## [Data records]
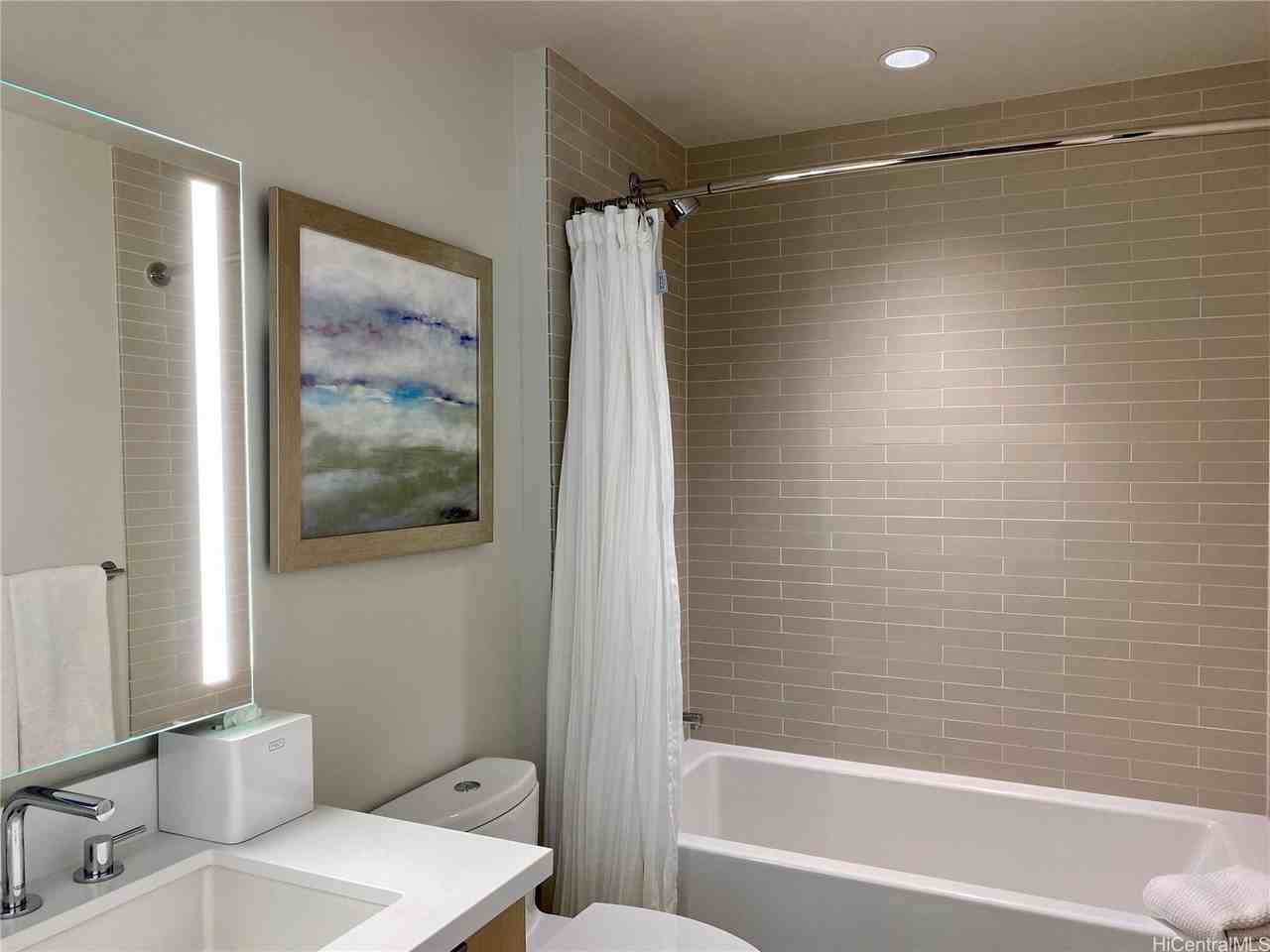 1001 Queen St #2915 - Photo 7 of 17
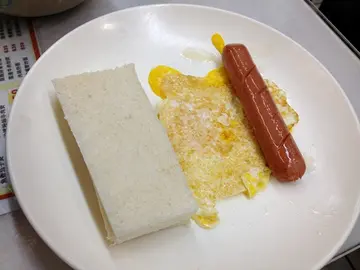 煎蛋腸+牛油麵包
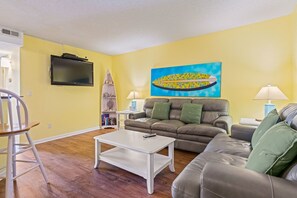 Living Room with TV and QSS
---
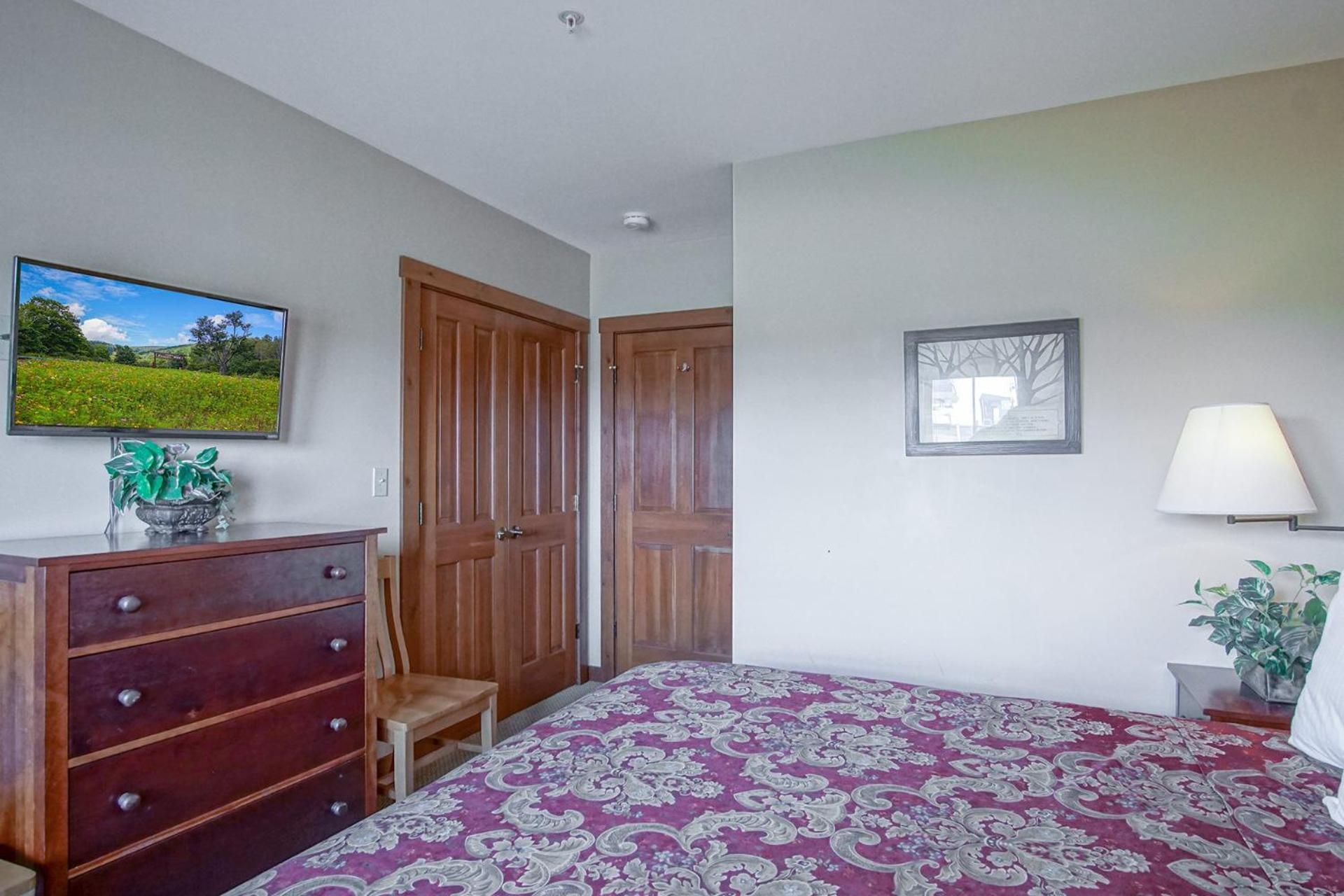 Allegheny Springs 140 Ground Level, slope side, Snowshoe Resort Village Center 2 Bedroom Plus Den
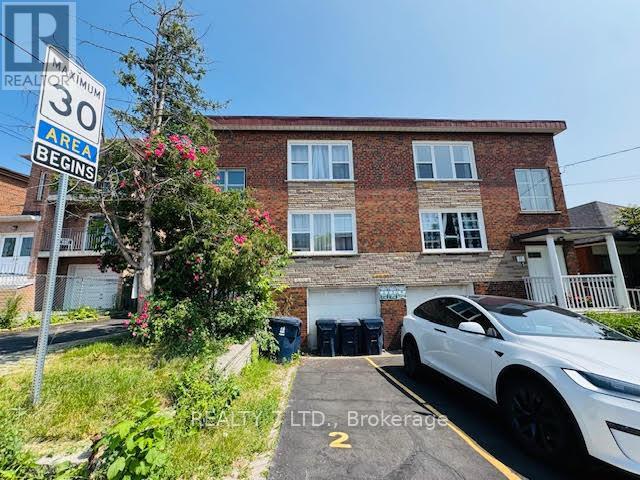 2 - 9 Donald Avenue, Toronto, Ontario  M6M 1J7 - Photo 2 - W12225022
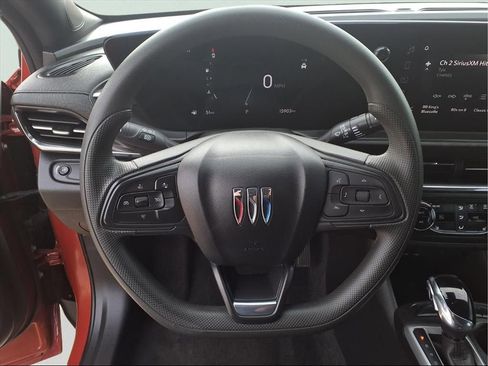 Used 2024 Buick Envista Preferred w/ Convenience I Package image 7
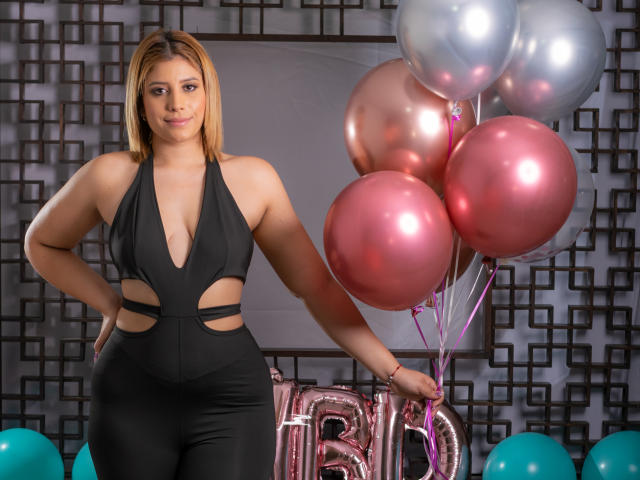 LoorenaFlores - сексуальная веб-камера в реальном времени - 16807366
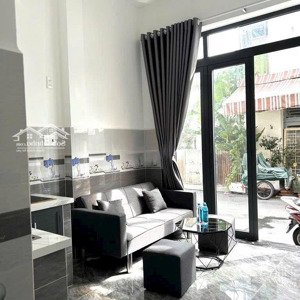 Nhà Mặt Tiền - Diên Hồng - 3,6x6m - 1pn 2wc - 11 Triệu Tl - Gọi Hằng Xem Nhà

## [Problem statement]
Give again, exactly as written above, every line from the one holding "2 - 9 Donald" to the one holding "Nhà Mặt Tiền", with both ends kept and the pictures left out.

## [Final answer]
 2 - 9 Donald Avenue, Toronto, Ontario  M6M 1J7 - Photo 2 - W12225022
 Used 2024 Buick Envista Preferred w/ Convenience I Package image 7
 LoorenaFlores - сексуальная веб-камера в реальном времени - 16807366
 Nhà Mặt Tiền - Diên Hồng - 3,6x6m - 1pn 2wc - 11 Triệu Tl - Gọi Hằng Xem Nhà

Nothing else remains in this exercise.